ABOUT THIS TASK: In this exercise, every entry is to be copied exactly.

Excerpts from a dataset
----

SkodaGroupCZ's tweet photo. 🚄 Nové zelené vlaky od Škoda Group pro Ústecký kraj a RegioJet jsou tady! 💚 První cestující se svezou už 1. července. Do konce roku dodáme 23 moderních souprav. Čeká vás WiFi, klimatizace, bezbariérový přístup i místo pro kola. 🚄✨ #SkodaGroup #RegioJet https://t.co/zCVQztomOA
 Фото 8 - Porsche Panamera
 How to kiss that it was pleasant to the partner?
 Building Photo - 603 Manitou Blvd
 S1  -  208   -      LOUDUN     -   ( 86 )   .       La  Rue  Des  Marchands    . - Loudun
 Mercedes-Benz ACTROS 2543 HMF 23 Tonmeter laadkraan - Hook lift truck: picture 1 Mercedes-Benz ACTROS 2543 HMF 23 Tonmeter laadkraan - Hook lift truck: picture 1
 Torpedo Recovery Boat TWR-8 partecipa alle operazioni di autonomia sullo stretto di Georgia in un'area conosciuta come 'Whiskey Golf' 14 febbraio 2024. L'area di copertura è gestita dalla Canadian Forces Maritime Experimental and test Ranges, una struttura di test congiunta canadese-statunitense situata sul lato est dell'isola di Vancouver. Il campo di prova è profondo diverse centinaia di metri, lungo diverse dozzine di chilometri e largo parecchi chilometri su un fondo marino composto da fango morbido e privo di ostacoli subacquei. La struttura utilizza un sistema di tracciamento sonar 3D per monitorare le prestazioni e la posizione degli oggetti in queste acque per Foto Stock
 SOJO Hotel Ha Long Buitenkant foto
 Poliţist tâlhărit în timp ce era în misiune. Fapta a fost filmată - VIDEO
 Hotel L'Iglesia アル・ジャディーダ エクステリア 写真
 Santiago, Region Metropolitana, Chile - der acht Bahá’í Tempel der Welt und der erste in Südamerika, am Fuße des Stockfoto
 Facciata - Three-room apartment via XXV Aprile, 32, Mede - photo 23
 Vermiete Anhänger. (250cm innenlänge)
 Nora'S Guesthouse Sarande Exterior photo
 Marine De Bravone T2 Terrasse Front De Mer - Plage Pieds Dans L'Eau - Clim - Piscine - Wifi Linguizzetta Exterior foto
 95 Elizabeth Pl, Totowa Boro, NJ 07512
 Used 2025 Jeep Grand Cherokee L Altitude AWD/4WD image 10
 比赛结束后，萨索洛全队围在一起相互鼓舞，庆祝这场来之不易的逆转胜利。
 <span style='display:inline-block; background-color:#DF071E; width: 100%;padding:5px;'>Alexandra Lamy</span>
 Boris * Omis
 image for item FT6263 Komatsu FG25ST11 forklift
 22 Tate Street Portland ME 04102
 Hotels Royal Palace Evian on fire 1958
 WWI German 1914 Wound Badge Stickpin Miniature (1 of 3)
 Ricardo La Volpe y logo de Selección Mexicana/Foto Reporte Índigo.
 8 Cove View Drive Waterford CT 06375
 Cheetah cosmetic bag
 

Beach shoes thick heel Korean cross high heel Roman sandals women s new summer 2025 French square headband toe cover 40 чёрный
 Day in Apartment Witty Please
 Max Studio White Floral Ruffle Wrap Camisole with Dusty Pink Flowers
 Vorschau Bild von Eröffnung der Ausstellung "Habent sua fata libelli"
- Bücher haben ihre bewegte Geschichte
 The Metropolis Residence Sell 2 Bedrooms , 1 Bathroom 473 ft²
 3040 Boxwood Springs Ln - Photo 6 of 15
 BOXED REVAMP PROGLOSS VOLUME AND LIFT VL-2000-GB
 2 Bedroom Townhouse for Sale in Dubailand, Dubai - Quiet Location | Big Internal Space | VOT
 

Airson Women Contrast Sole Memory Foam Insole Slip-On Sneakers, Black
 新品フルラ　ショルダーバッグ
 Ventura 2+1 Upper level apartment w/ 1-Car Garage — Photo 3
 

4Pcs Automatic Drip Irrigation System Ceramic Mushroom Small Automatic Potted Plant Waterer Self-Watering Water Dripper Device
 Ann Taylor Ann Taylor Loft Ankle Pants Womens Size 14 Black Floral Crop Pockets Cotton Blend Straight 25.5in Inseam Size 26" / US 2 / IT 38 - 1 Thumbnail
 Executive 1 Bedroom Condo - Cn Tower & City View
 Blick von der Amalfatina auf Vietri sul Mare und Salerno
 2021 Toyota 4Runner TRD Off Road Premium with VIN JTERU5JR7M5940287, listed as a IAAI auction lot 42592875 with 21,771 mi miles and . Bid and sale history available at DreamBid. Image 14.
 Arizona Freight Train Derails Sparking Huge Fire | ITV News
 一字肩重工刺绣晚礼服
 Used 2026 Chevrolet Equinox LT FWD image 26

----

SOLUTION TO THE EXERCISE:
SkodaGroupCZ's tweet photo. 🚄 Nové zelené vlaky od Škoda Group pro Ústecký kraj a RegioJet jsou tady! 💚 První cestující se svezou už 1. července. Do konce roku dodáme 23 moderních souprav. Čeká vás WiFi, klimatizace, bezbariérový přístup i místo pro kola. 🚄✨ #SkodaGroup #RegioJet https://t.co/zCVQztomOA
 Фото 8 - Porsche Panamera
 How to kiss that it was pleasant to the partner?
 Building Photo - 603 Manitou Blvd
 S1  -  208   -      LOUDUN     -   ( 86 )   .       La  Rue  Des  Marchands    . - Loudun
 Mercedes-Benz ACTROS 2543 HMF 23 Tonmeter laadkraan - Hook lift truck: picture 1 Mercedes-Benz ACTROS 2543 HMF 23 Tonmeter laadkraan - Hook lift truck: picture 1
 Torpedo Recovery Boat TWR-8 partecipa alle operazioni di autonomia sullo stretto di Georgia in un'area conosciuta come 'Whiskey Golf' 14 febbraio 2024. L'area di copertura è gestita dalla Canadian Forces Maritime Experimental and test Ranges, una struttura di test congiunta canadese-statunitense situata sul lato est dell'isola di Vancouver. Il campo di prova è profondo diverse centinaia di metri, lungo diverse dozzine di chilometri e largo parecchi chilometri su un fondo marino composto da fango morbido e privo di ostacoli subacquei. La struttura utilizza un sistema di tracciamento sonar 3D per monitorare le prestazioni e la posizione degli oggetti in queste acque per Foto Stock
 SOJO Hotel Ha Long Buitenkant foto
 Poliţist tâlhărit în timp ce era în misiune. Fapta a fost filmată - VIDEO
 Hotel L'Iglesia アル・ジャディーダ エクステリア 写真
 Santiago, Region Metropolitana, Chile - der acht Bahá’í Tempel der Welt und der erste in Südamerika, am Fuße des Stockfoto
 Facciata - Three-room apartment via XXV Aprile, 32, Mede - photo 23
 Vermiete Anhänger. (250cm innenlänge)
 Nora'S Guesthouse Sarande Exterior photo
 Marine De Bravone T2 Terrasse Front De Mer - Plage Pieds Dans L'Eau - Clim - Piscine - Wifi Linguizzetta Exterior foto
 95 Elizabeth Pl, Totowa Boro, NJ 07512
 Used 2025 Jeep Grand Cherokee L Altitude AWD/4WD image 10
 比赛结束后，萨索洛全队围在一起相互鼓舞，庆祝这场来之不易的逆转胜利。
 <span style='display:inline-block; background-color:#DF071E; width: 100%;padding:5px;'>Alexandra Lamy</span>
 Boris * Omis
 image for item FT6263 Komatsu FG25ST11 forklift
 22 Tate Street Portland ME 04102
 Hotels Royal Palace Evian on fire 1958
 WWI German 1914 Wound Badge Stickpin Miniature (1 of 3)
 Ricardo La Volpe y logo de Selección Mexicana/Foto Reporte Índigo.
 8 Cove View Drive Waterford CT 06375
 Cheetah cosmetic bag
 

Beach shoes thick heel Korean cross high heel Roman sandals women s new summer 2025 French square headband toe cover 40 чёрный
 Day in Apartment Witty Please
 Max Studio White Floral Ruffle Wrap Camisole with Dusty Pink Flowers
 Vorschau Bild von Eröffnung der Ausstellung "Habent sua fata libelli"
- Bücher haben ihre bewegte Geschichte
 The Metropolis Residence Sell 2 Bedrooms , 1 Bathroom 473 ft²
 3040 Boxwood Springs Ln - Photo 6 of 15
 BOXED REVAMP PROGLOSS VOLUME AND LIFT VL-2000-GB
 2 Bedroom Townhouse for Sale in Dubailand, Dubai - Quiet Location | Big Internal Space | VOT
 

Airson Women Contrast Sole Memory Foam Insole Slip-On Sneakers, Black
 新品フルラ　ショルダーバッグ
 Ventura 2+1 Upper level apartment w/ 1-Car Garage — Photo 3
 

4Pcs Automatic Drip Irrigation System Ceramic Mushroom Small Automatic Potted Plant Waterer Self-Watering Water Dripper Device
 Ann Taylor Ann Taylor Loft Ankle Pants Womens Size 14 Black Floral Crop Pockets Cotton Blend Straight 25.5in Inseam Size 26" / US 2 / IT 38 - 1 Thumbnail
 Executive 1 Bedroom Condo - Cn Tower & City View
 Blick von der Amalfatina auf Vietri sul Mare und Salerno
 2021 Toyota 4Runner TRD Off Road Premium with VIN JTERU5JR7M5940287, listed as a IAAI auction lot 42592875 with 21,771 mi miles and . Bid and sale history available at DreamBid. Image 14.
 Arizona Freight Train Derails Sparking Huge Fire | ITV News
 一字肩重工刺绣晚礼服
 Used 2026 Chevrolet Equinox LT FWD image 26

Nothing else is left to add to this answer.